L’utilisation de certaines plantes dans l’alimentation aurait une incidence sur le contrôle du développement parasitaire interne chez le cheval.

En 2017, une étude a par exemple démontré que le sainfoin (contenant du tanin) altérait le développement larvaire. Ce dernier était réduit de 82 % en ajoutant 29 % de sainfoin à la ration pendant 18 jours.

Une autre étude, menée en Australie, a également souligné que les extraits d’acacia spp. et d’eucalyptus gomphocephala empêcheraient totalement l’éclosion des œufs.

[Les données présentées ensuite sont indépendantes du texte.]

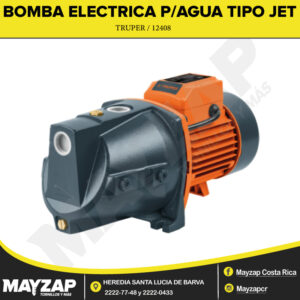 BOMBA-ELECTRICA-PARA-AGUA-TIPO-JET-TRUPER-12408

Lutter contre les parasites présents dans les sols

Par les crottins, les animaux excrètent les œufs et larves de vers intestinaux qui se retrouvent dans les prés et paddocks, avec le risque d’infester à nouveau d’autres chevaux. Certaines techniques naturelles permettraient de limiter cette contamination des sols.

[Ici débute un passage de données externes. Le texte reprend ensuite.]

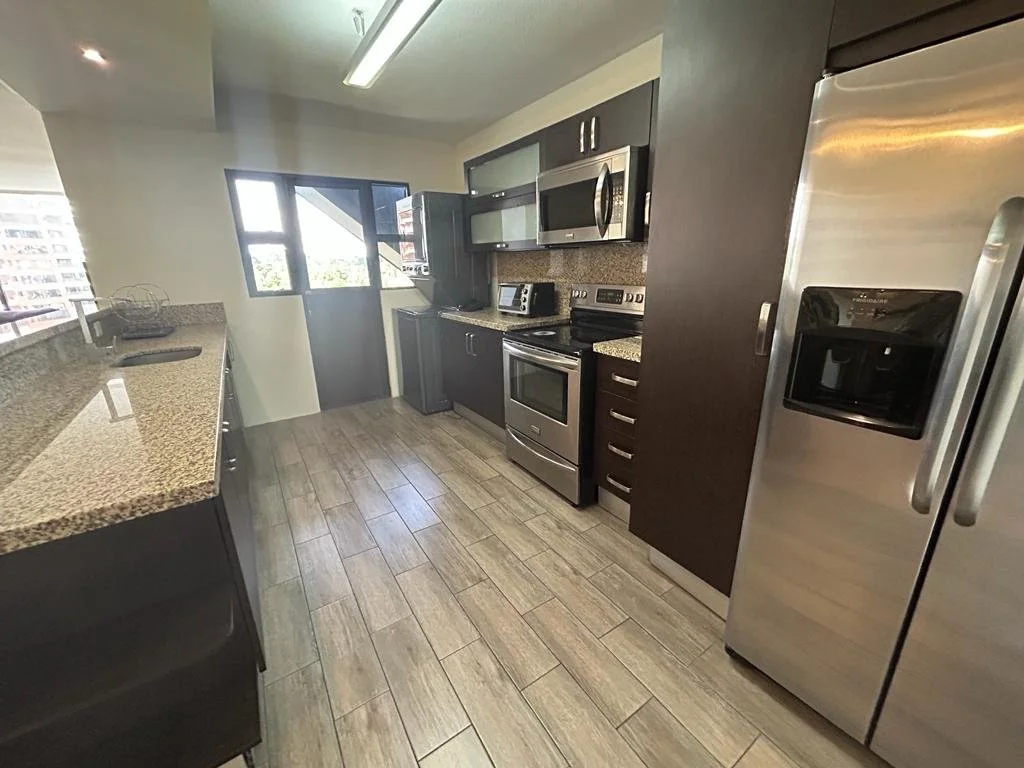 WhatsApp Image 2023-07-31 at 5.51.12 PM (6).jpeg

Les champignons nématophages (qui se nourrissent de nématodes, des vers) sont une des solutions permettant de lutter naturellement contre les parasites du cheval. Des spores de ce champignon sont disséminés dans la nourriture de l’animal et les champignons se développent alors en parallèle des parasites. Cette technique a montré de bons résultats, permettant à la fois de limiter le degré d’infestation du cheval, mais aussi la charge de contamination des sols.

Autre avantage : les champignons nématophages s’en prennent aussi aux vers résistants aux vermifuges traditionnels, ce qui contribue aussi à réduire cette population problématique.

Cependant cette méthode, si elle a prouvé son efficacité, n’est pas encore commercialisée, sans doute compte tenu de son coût de production et des contraintes liées à sa mise en œuvre.


Favoriser la présence de coléoptères se nourrissant d’excréments est aussi un moyen d’altérer le cycle de contamination des parasites : destruction partielle des œufs, enfouissement, ou détérioration des crottins induisant des changements de températures et de climats auxquels les larves seraient exposées, etc.


L’équilibre parasitaire du système digestif du cheval est essentiel, mais la résistance des parasites aux antihelminthiques doit nous pousser à revoir notre façon de penser la lutte contre le parasitisme interne, avec une utilisation raisonnée des vermifuges et la mise en place d’alternatives.